What is being asked:
Write all of the entries out again exactly, but not the images.

Segment Start: Excerpted data

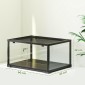 Reptile terrarium, vivarium 86 λίτρων με συρόμενη πόρτα, που κλειδώνει, για σαύρες, έντομα, αράχνες, γκέκο, 60 x 45 x 32 cm, μαύρο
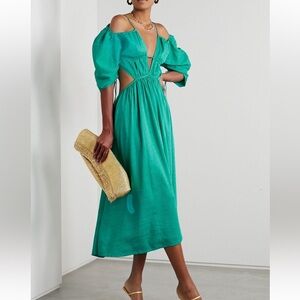Cult Gaia Charlize Linen Blend Cut-Out Midi Dress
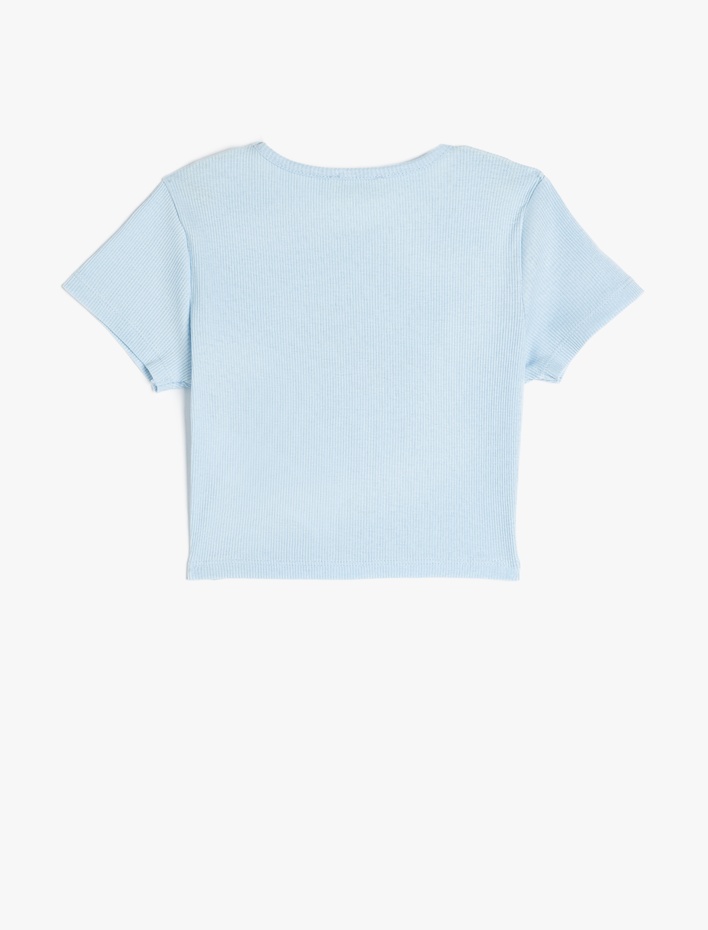 Kız Çocuk Çiçek Baskılı Kısa Kollu Bisiklet Yaka Pamuklu Crop Tişört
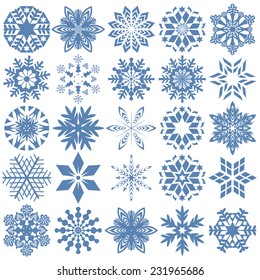 Set of twenty five blue snowflakes over white, hand drawing vector design elements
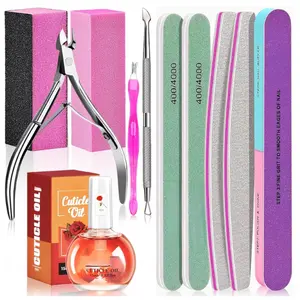 Daily Nail Care Manicure Tools Kit with 3 Nail Files, 2 Buffer Blocks, 2 Polishing Buffers, Nipper, Pusher and Cuticle Oil, Nail File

Segment End: Excerpted data

Answer below:
 Reptile terrarium, vivarium 86 λίτρων με συρόμενη πόρτα, που κλειδώνει, για σαύρες, έντομα, αράχνες, γκέκο, 60 x 45 x 32 cm, μαύρο
Cult Gaia Charlize Linen Blend Cut-Out Midi Dress
 Kız Çocuk Çiçek Baskılı Kısa Kollu Bisiklet Yaka Pamuklu Crop Tişört
 Set of twenty five blue snowflakes over white, hand drawing vector design elements
 Daily Nail Care Manicure Tools Kit with 3 Nail Files, 2 Buffer Blocks, 2 Polishing Buffers, Nipper, Pusher and Cuticle Oil, Nail File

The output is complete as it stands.